## EXERCISE DIRECTIONS
Leave every picture out and give back the lines below from the first through the line that holds "So Bitcoin steps", exactly as written.

## DATA EXTRACT
* * * * * * * * *
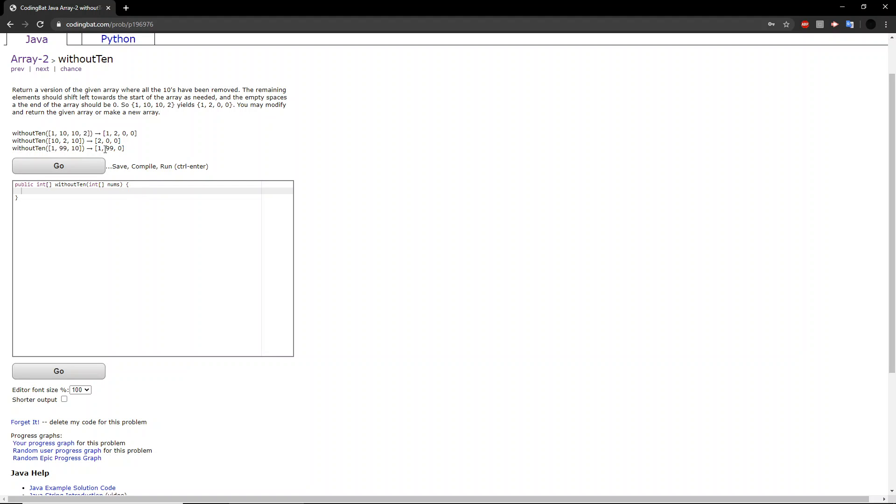So what we first want to do is we want to check for the number of non-10 values there are. Sorry, what I meant to say was we want to put all the non-10 values in the array in the front of the array. So how can we do that? Well, we will be creating an integer variable called index, which we will set to zero.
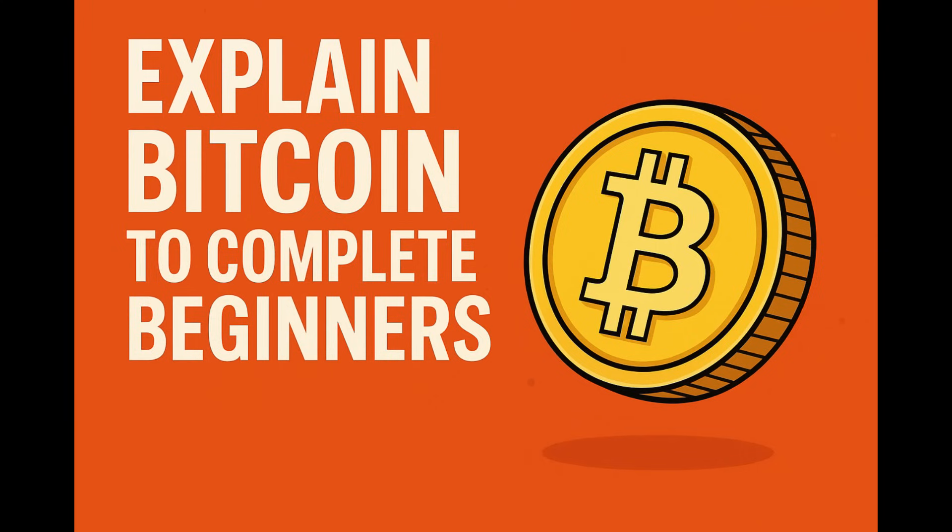So Bitcoin steps in here aiming to fix this. Bitcoin is designed as a form of digital cash. It lets you send value directly, peer-to-peer, just over the internet. The goal is to cut out that need for trusting a middleman, so you can do quick, direct transactions with someone halfway across the world if needed.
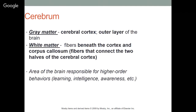The cerebrum consists of both gray matter and white matter. Gray matter is the cerebral cortex — the outer layer of the brain — where higher function occurs: thinking, logic, etc. White matter comprises the fibers beneath the cortex and the corpus callosum, which connects the two cerebral hemispheres. Stronger connections between the right and left halves make the brain more flexible in learning and healing — and tend to be slightly more connected in females versus males.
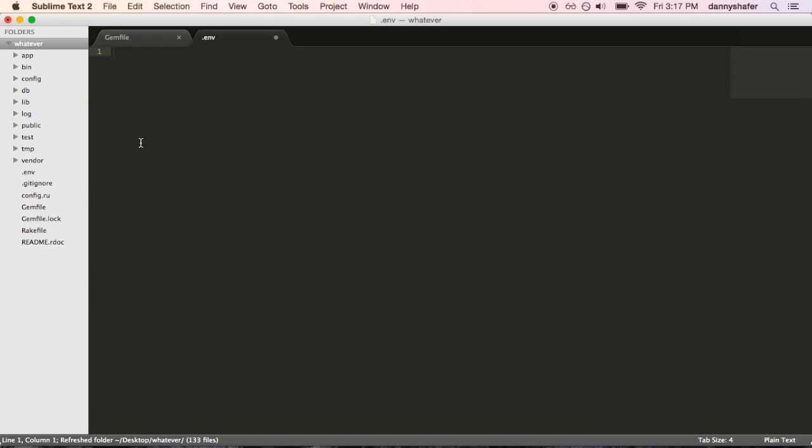And we're going to make a variable called supersecret and it's going to equal our password, for example, which is 123456 password, yay.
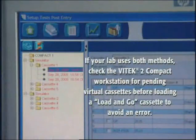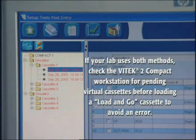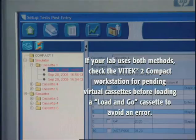If your lab uses both load methods, check the Vitek II Compact workstation for pending virtual cassettes before loading a load and go cassette to avoid an error.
* * * * * * * * *
## ANSWER TO THE PROBLEM
So what we first want to do is we want to check for the number of non-10 values there are. Sorry, what I meant to say was we want to put all the non-10 values in the array in the front of the array. So how can we do that? Well, we will be creating an integer variable called index, which we will set to zero.
So Bitcoin steps in here aiming to fix this. Bitcoin is designed as a form of digital cash. It lets you send value directly, peer-to-peer, just over the internet. The goal is to cut out that need for trusting a middleman, so you can do quick, direct transactions with someone halfway across the world if needed.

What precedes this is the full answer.